«J'y vais pour gagner.» Méthode Coué ou conviction profonde, Agnès Buzyn a fait part de son credo électoral tout de suite après sa désignation surprise comme cheffe de file de La République en marche aux municipales à Paris en remplacement de Benjamin Griveaux. Elle ne pourra pas le faire en quatre semaines, ont répondu, entre les lignes, les partis de gauche et de droite, qui tiennent le haut du pavé dans les sondages électoraux face au parti majoritaire.
À la vérité, ils attendent tous le premier sondage de l'après-Griveaux.
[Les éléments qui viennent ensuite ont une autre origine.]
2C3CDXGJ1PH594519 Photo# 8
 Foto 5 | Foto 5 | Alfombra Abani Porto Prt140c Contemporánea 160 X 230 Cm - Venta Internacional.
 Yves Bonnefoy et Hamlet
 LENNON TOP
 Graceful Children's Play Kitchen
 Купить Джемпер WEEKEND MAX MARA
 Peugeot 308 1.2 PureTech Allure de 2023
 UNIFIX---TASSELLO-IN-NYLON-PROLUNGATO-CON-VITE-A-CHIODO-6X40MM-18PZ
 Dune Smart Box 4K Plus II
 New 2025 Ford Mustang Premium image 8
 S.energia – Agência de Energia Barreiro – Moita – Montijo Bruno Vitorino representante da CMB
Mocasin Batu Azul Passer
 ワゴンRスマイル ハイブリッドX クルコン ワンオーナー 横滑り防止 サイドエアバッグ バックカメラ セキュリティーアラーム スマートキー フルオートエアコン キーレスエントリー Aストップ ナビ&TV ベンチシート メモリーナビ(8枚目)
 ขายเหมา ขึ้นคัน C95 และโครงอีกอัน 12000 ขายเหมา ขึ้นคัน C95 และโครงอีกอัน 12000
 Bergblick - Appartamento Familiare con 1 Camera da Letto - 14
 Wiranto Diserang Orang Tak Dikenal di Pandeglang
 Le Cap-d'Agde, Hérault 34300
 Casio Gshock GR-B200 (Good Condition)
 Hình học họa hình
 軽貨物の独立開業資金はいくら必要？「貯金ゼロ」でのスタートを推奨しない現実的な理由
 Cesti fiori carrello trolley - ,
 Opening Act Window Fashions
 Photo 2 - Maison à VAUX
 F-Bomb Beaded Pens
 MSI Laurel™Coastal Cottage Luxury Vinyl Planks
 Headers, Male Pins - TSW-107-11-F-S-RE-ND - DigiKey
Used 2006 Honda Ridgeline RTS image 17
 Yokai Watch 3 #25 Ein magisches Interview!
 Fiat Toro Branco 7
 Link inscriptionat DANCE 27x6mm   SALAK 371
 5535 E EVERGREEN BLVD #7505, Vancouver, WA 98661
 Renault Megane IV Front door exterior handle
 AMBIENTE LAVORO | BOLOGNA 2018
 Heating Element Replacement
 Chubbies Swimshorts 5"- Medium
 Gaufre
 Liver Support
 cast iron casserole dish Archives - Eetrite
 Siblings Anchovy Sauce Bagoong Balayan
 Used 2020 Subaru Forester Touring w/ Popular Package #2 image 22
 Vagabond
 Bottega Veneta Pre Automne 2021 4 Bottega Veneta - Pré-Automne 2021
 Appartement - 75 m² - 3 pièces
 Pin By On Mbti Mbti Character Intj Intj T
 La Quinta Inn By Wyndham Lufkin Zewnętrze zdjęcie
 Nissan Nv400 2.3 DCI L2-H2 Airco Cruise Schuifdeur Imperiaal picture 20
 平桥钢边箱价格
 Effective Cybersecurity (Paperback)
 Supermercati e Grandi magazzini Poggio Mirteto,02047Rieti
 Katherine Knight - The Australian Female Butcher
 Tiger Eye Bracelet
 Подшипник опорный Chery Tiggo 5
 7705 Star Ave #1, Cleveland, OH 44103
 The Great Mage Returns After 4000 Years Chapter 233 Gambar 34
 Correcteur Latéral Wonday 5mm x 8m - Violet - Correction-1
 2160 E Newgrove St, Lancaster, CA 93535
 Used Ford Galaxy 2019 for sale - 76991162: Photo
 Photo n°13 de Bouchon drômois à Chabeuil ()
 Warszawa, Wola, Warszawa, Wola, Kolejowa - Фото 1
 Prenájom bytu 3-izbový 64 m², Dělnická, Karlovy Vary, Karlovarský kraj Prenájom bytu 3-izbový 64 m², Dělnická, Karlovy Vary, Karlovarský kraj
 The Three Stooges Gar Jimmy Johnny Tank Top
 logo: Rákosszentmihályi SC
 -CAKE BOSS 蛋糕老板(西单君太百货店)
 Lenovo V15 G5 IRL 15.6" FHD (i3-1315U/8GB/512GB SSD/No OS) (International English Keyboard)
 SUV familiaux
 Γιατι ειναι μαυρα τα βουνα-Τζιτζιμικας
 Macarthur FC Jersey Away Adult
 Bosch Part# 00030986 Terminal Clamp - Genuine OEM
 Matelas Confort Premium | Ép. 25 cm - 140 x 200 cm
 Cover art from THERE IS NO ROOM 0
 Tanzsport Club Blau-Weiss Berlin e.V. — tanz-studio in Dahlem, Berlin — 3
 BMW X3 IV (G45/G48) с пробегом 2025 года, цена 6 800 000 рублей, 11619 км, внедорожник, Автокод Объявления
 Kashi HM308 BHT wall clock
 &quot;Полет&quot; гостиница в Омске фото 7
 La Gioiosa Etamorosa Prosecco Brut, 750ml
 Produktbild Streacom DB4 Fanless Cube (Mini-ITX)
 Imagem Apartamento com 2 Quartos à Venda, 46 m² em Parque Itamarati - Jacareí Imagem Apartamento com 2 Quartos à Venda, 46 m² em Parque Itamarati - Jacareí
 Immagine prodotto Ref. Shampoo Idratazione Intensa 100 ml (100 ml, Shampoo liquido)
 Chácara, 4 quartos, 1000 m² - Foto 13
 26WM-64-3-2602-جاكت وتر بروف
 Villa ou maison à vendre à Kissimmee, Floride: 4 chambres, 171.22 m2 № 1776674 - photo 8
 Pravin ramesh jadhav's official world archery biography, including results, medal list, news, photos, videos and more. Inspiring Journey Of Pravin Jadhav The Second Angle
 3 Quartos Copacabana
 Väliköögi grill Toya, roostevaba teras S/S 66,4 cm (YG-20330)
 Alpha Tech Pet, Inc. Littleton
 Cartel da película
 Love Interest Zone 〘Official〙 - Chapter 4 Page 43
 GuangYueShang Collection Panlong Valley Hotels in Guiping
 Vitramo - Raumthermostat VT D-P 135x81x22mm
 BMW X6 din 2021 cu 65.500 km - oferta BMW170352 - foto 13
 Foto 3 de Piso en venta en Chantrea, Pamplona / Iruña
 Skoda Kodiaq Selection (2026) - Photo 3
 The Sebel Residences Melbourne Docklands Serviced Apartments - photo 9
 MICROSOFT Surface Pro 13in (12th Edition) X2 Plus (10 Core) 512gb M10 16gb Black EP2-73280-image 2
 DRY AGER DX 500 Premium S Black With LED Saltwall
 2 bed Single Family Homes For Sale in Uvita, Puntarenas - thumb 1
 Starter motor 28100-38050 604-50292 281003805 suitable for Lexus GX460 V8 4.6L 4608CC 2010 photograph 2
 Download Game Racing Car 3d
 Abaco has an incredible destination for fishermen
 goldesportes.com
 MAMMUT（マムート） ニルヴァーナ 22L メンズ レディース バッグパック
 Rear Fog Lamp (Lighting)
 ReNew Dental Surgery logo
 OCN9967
Tant les socialistes qui soutiennent Anne Hidalgo, maire sortante de la capitale élue en 2014, en tête dans les enquêtes sur les intentions de vote, que Les Républicains qui se sont rangés derrière Rachida Dati, la challengeuse qui se promet de redonner à la droite la capitale perdue depuis 2001.
Le retrait de l'ancien chef de file de La République en marche (LREM) aux municipales à Paris à la suite de la diffusion d'une vidéo privée à caractère sexuel a créé un véritable séisme politique dans la campagne électorale. Ce désistement a soulevé des interrogations sur la faiblesse des démocraties face aux attaques qui vont crescendo sur les réseaux sociaux, repoussant toujours plus loin les limites de l'abject. Il est vrai que pour celles et ceux qui les mènent, tous les moyens sont bons.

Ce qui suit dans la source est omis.